• _Assignment_
Look in the listing below for the line that has "Felsen an der", then return it and each following line up to and including the one with "Citrin Solitaire Vigselring", exactly and without pictures.

• _Records to use_
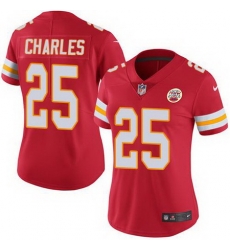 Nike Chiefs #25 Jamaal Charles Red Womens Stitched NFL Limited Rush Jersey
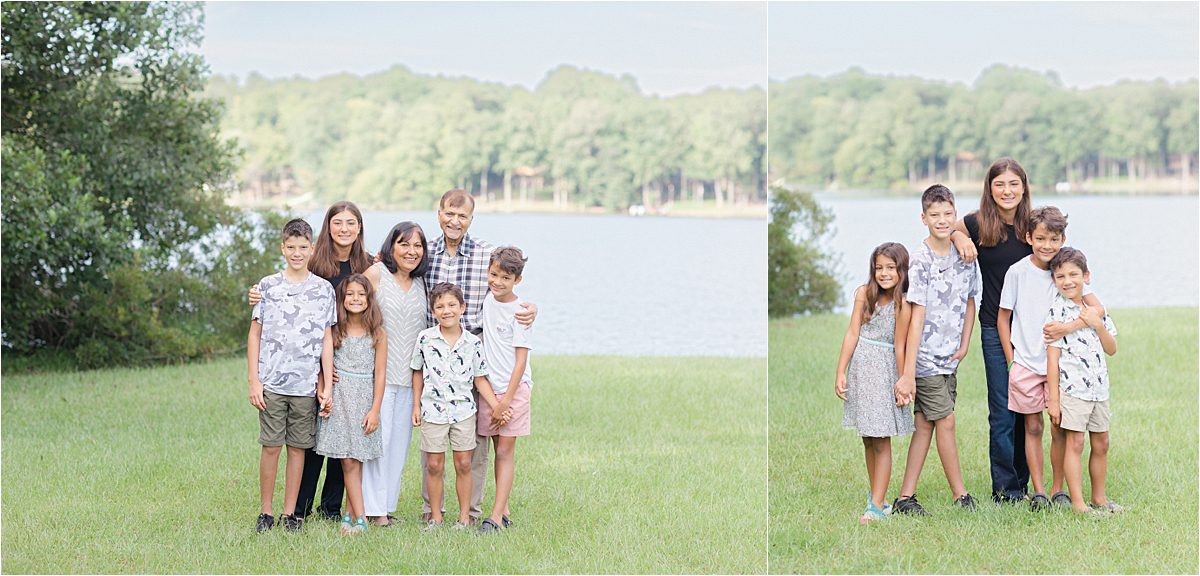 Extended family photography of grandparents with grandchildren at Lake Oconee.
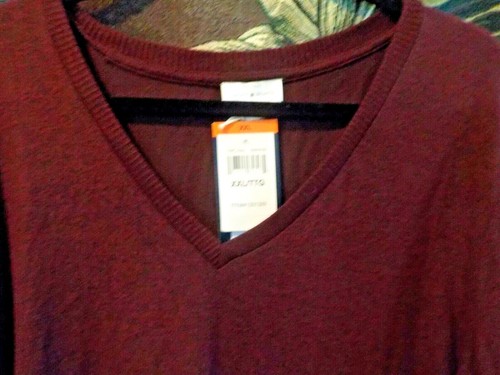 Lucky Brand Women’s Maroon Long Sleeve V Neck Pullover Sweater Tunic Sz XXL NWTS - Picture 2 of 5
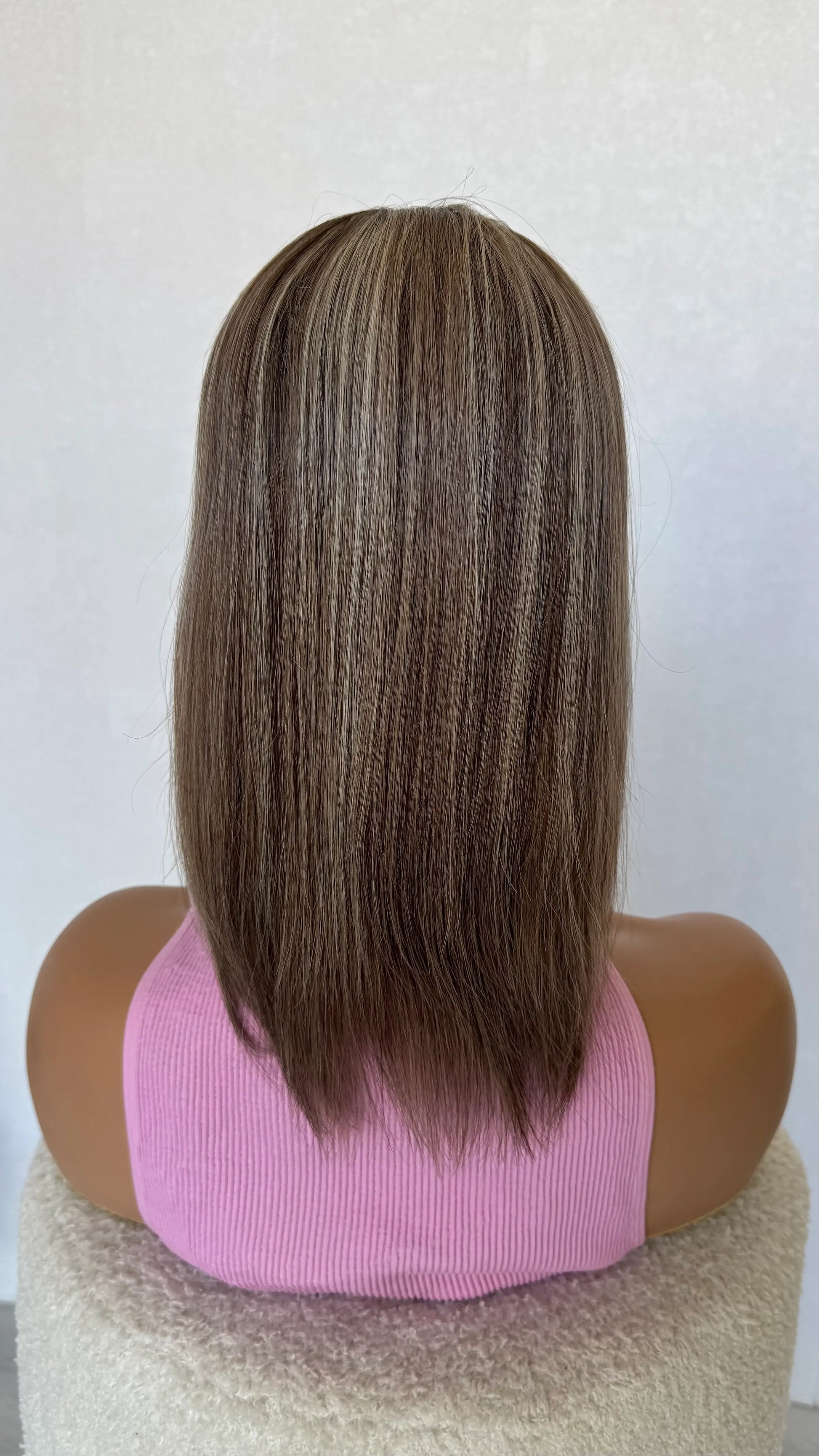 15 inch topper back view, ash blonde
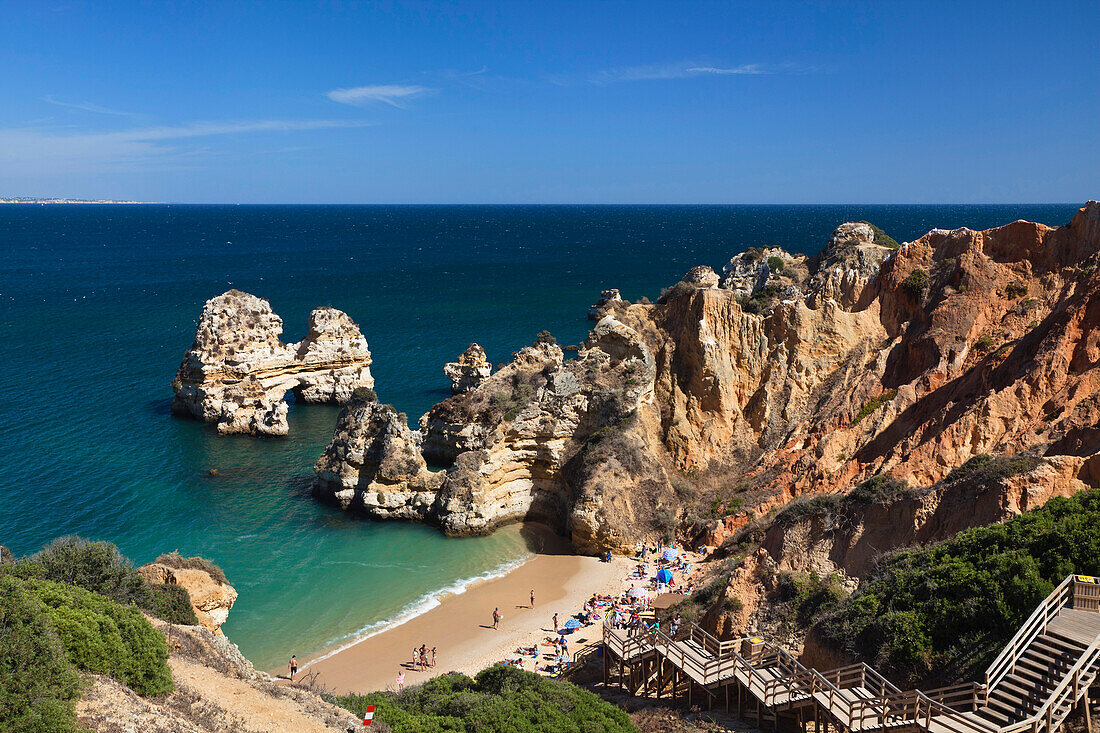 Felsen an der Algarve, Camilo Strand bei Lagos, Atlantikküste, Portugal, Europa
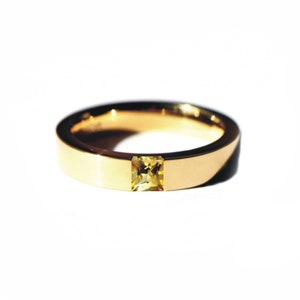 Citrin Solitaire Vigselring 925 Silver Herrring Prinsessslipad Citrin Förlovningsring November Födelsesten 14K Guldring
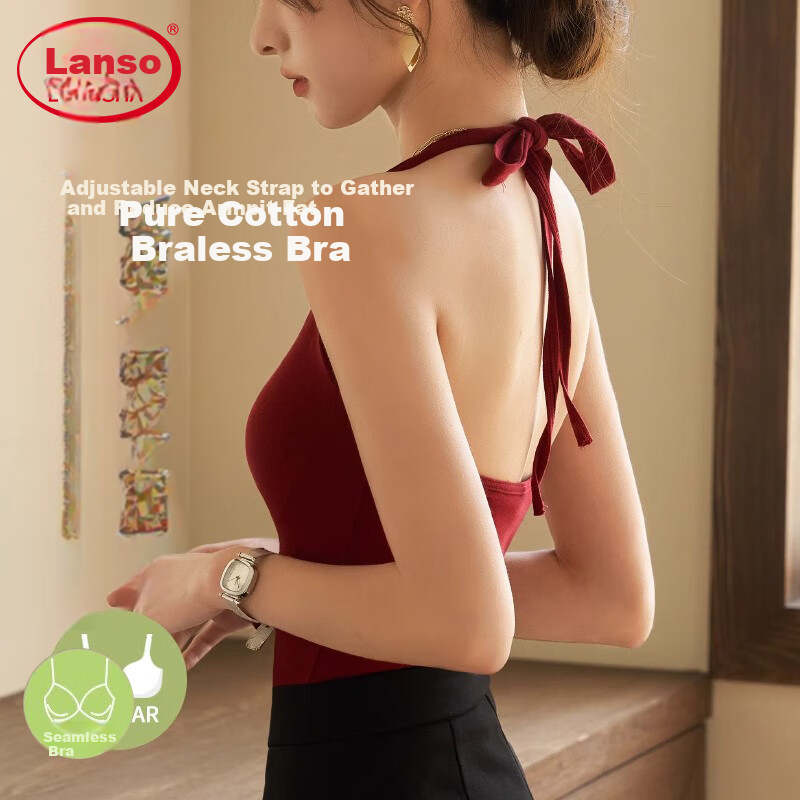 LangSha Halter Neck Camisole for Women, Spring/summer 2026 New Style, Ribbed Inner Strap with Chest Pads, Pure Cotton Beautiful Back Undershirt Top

• _Result of the exercise_
 Felsen an der Algarve, Camilo Strand bei Lagos, Atlantikküste, Portugal, Europa
 Citrin Solitaire Vigselring 925 Silver Herrring Prinsessslipad Citrin Förlovningsring November Födelsesten 14K Guldring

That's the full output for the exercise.